I was definitely not aware of how often, particularly in women, the two disorders can be comorbid.

I had always been a disorganized child. I was legendarily messy; as early as the first grade, I remember squirming, nauseous with shame and terror, as Mrs. N- came to inspect our desks before the holiday break, knowing what she’d find in mine — an impenetrable jungle of everything from mysteriously sticky welded strata of old papers to a months-old container of applesauce my mother had sent in my lunchbox one day and I had stored in the desk and left there in despair as it slowly turned into an evil biology experiment. I knew it was there, I just didn’t know what to do about it. I kept forgetting. How did people keep their desks tidy? It was bewildering. How did they keep their rooms tidy? How did anyone know where to put things, how to organize things, how not to forget or become distracted, absorbed in some more interesting task?

If you had given my parents or teachers the description of ADHD that is still most commonly understood by the public — the description based on studies of young boys — they wouldn’t have recognized it in me. I wasn’t hyperactive; if anything, I was withdrawn. I was a bright kid. I got excellent grades. I drove my second grade teacher bonkers because whenever she handed out worksheets for us to do quietly in class, I would finish mine in a fraction of the allotted time and then “borrow” my neighbors’ and do theirs too. I was in the sixth grade reading group through most of my time at that elementary school because it was the most advanced they had and I could read rings around my own classmates. I was bored.

And I could focus when the task was interesting to me. I had an unearthly degree of focus when a task was interesting. I would fall into a book absolutely and dwell there oblivious to the outside world. I read the Lord of the Rings trilogy when I was nine, and I lived in Middle-Earth; my fourth-grade teacher was at a loss when I came to school sobbing one day and having forgotten my vocabulary workbook at home, because Gandalf had just died and I was incoherent and inconsolable. I cried all day at school and couldn’t be made to do lessons.

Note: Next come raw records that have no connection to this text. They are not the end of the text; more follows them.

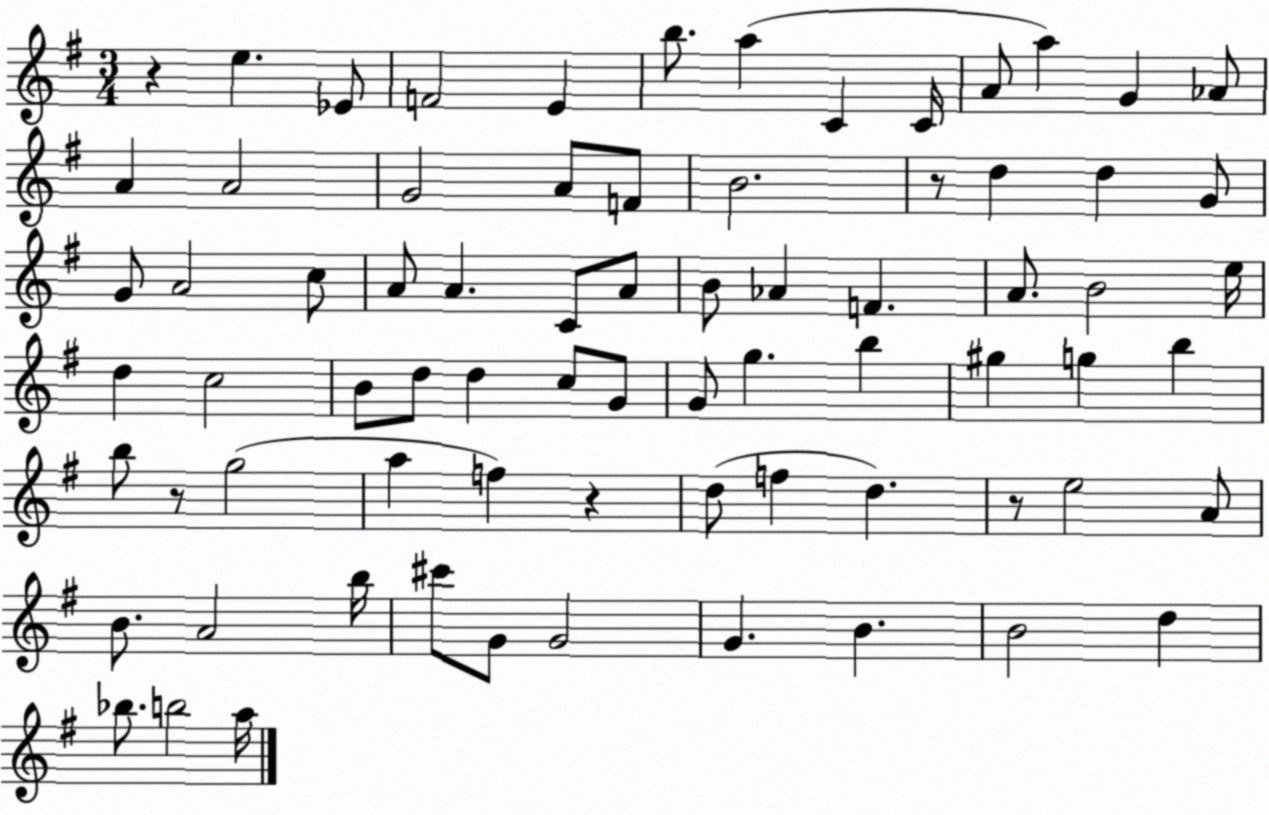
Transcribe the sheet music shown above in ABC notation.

X:1
T:Untitled
M:3/4
L:1/4
K:G
z e _E/2 F2 E b/2 a C C/4 A/2 a G _A/2 A A2 G2 A/2 F/2 B2 z/2 d d G/2 G/2 A2 c/2 A/2 A C/2 A/2 B/2 _A F A/2 B2 e/4 d c2 B/2 d/2 d c/2 G/2 G/2 g b ^g g b b/2 z/2 g2 a f z d/2 f d z/2 e2 A/2 B/2 A2 b/4 ^c'/2 G/2 G2 G B B2 d _b/2 b2 a/4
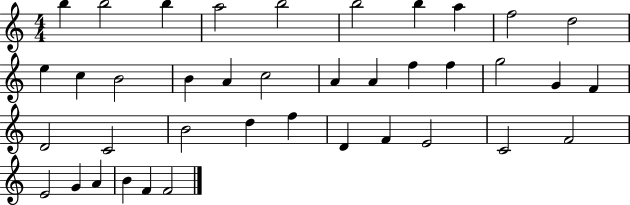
X:1
T:Untitled
M:4/4
L:1/4
K:C
b b2 b a2 b2 b2 b a f2 d2 e c B2 B A c2 A A f f g2 G F D2 C2 B2 d f D F E2 C2 F2 E2 G A B F F2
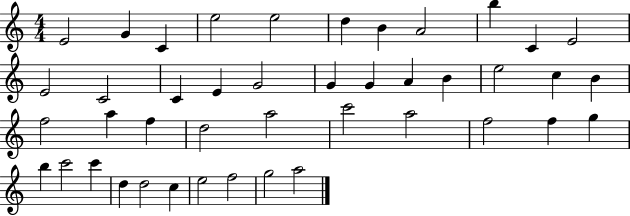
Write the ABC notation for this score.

X:1
T:Untitled
M:4/4
L:1/4
K:C
E2 G C e2 e2 d B A2 b C E2 E2 C2 C E G2 G G A B e2 c B f2 a f d2 a2 c'2 a2 f2 f g b c'2 c' d d2 c e2 f2 g2 a2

She’s clever, they said. She’s just daydreamy. She’s untidy, she forgets things sometimes. But I was clever, so the rest didn’t matter. My grades were fine.

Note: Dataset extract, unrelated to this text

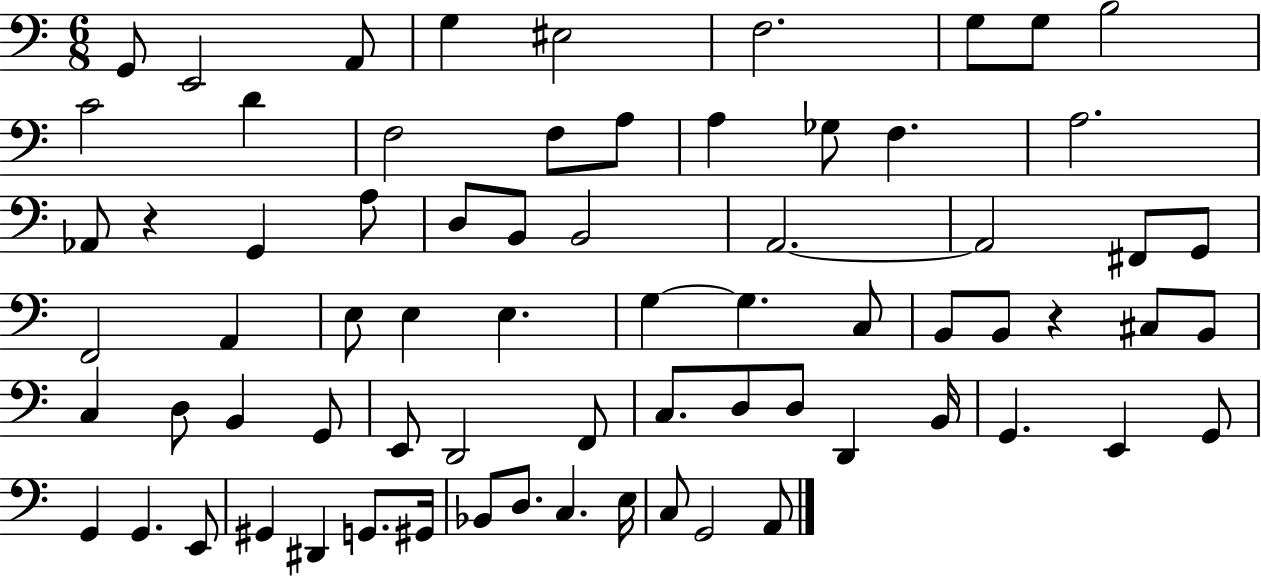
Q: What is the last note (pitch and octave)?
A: A2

And they continued to be fine all the way through high school. I was valedictorian of my class. But it was harder.

I routinely forgot or failed to do homework. (I had my own mother for ninth grade algebra, and if you think telling the teacher you didn’t do the assignment is tough, try telling your mom that.) One of my English teachers insisted we keep a reading journal, writing a page or so of our thoughts after each assigned chapter we read; she would collect and review the journals at the end of each quarter. But I read books in a gallop, all in one go at whichever point in the semester I felt like actually reading them, and then would have to frantically fabricate several months’ worth of entries the night before the journal was due. One of my teachers called me a juvenile delinquent in front of the whole class after I’d failed for two weeks straight to produce any homework, and it was both hilarious — I was a nerd! The nerdiest nerd! A teacher’s daughter! — and mortifying.

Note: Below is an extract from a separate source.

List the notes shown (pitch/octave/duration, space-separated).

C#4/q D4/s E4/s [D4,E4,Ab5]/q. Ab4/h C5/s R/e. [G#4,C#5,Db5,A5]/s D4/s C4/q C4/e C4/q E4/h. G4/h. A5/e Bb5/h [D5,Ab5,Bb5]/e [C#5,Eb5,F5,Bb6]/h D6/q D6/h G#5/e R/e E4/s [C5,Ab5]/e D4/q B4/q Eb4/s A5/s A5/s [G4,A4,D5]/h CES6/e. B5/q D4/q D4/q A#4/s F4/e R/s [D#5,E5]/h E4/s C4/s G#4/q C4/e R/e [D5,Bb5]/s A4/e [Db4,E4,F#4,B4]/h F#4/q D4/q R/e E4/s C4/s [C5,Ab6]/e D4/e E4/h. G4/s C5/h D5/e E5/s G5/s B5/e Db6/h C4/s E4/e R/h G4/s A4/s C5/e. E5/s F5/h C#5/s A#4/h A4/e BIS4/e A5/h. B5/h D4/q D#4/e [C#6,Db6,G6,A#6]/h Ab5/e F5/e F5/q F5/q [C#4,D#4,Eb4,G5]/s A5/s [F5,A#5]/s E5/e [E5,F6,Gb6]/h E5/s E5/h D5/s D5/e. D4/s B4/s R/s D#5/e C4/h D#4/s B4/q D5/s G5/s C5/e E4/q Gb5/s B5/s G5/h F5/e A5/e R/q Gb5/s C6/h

Everything felt rawer, rougher, the previously smooth scholastic waters suddenly full of unexpected shoals and riptides. And I had to think about college! And suddenly there were weird and complex social pressures!

My report cards remained pristine. My desk, my bedroom — and all the rest of me, it sometimes felt — were a shambles. My parents made fond, exasperated jokes about what a pack rat I am.

I had trouble sleeping. I’d eat ice cream for breakfast for weeks on end because it was easy, I didn’t have to think about it, I liked ice cream. I read obsessively. I lost things constantly. I kept a library book from the city library for three years because by the time I’d found it, it was so overdue I was ashamed to hand it in; I did, eventually, before I left for college, by driving over there one night and dropping it furtively through the return slot before fleeing under cover of darkness.

I got so weird and withdrawn that my mother confronted me tearfully one afternoon to ask whether I was on drugs. It was both hilarious and mortifying.

I would wake up at night terrified and miserable and unable to breathe. More than once, I made it out of bed and down the hall to my parents’ bedroom, and then just lay down on the floor outside their door and cried, unable to bring myself to disturb them. That’s probably my most vivid memory from high school, and it’s a general one, not a specific occasion: a general memory of lying in the hall outside my parents’ room, weeping and sick with some weird, black dread. The feeling I’d been swallowed up by something bleak and monstrous, something airless.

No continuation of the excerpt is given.